15 In the FinTech space, Shanghai and Singapore can collaborate in creating a conducive eco-system for FinTech companies and start-ups. The need for collaboration arises from the fact that technology companies are dynamic and continually looking to internationalize their businesses. For example, CXA Group, a health technology start-up established in Singapore, is expanding its services to China and is planning to partner Shanghai Zhongheng Insurance Brokers for its China expansion. There is scope for collaboration to enhance our mutual understanding of new business models and assist in negotiating regulatory hurdles for these companies.
16 One important aspect of enhancing the eco-system is the enrichment of the range of financing opportunities for FinTech companies. Venture capital (VC) managers are an essential component of the start-up eco-system, providing capital as well as expertise to start-ups and early growth businesses. China already has the largest concentration of VC funding globally2. Singapore also hopes to create a conducive environment for VCs by simplifying the approval process and regulatory regime for VC managers. At the same time, we hope to expand the range of funding options to cater to the varied needs of companies at different stages of development.

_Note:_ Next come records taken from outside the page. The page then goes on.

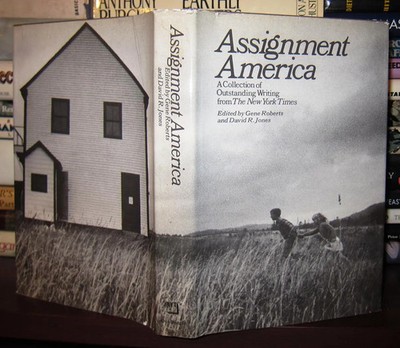 Gene Roberts ASSIGNMENT AMERICA A Collection of Outstanding Writing from the New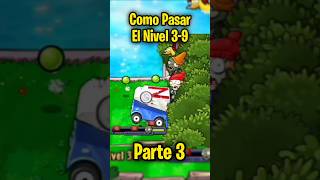 Como pasar el nivel 39 parte 3 videogames plantavszombies viralvideo [upl. by Aicats716]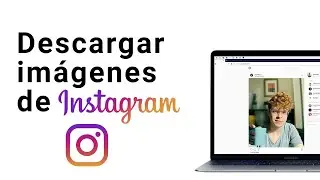 DESCARGAR IMÁGENES DE INSTAGRAM - WINDOWS/MAC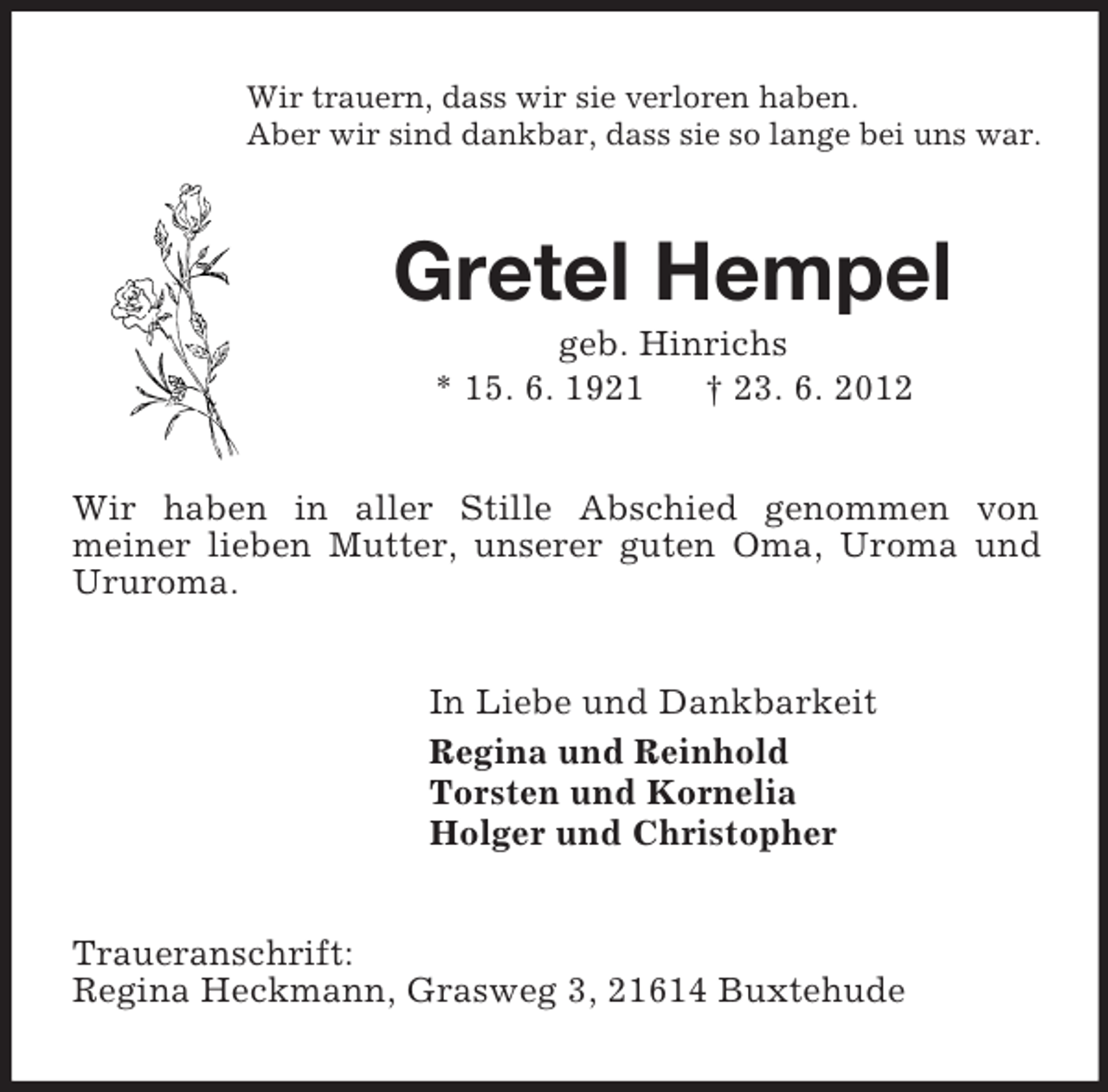 <p>Wir trauern, dass wir sie verloren haben.<br />Aber wir sind dankbar, dass sie so lange bei uns war.<br />Gretel Hempel<br />geb. Hinrichs<br />* 15. 6. 1921 † 23. 6. 2012<br />Wir haben in aller Stille Abschied genommen von<br />meiner lieben Mutter, unserer guten Oma, Uroma und Ururoma.<br />In Liebe und Dankbarkeit<br />Regina und Reinhold<br />Torsten und Kornelia<br />Holger und Christopher<br />Traueranschrift:<br />Regina Heckmann, Grasweg 3, 21614 Buxtehude</p>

17 Finally, there is also room to deepen information and knowledge exchange between Shanghai and Singapore industry participants. To this end, MAS and the Shanghai Financial Services Office are discussing a customised training programme to encourage mutual exchange between financial sector players. Through such exchanges, industry participants can get a better understanding of each other's markets and enhance their knowledge of specialized topics.
18 And this marks only the beginning of our long-term relationship. We hope that such exchanges would pave the way for many opportunities for meaningful collaboration between both cities, resulting in synergistic outcomes that will elevate both cities through the new financial world order. Expressing this aspiration in mandarin: 新沪友谊深, 共创新思路.
19 These are some thoughts for everyone to consider. I am sure our strong panel of speakers will provide even greater insights during the discussions later. I wish you a fruitful day ahead at the forum.
1 China accounted for 39% of global issuance in the year, with USD 36.2bn (RMB 238bn) in labelled green bonds issued.
2 China accounted for more than half of all fintech investments globally in 2016, specifically in terms of venture capital.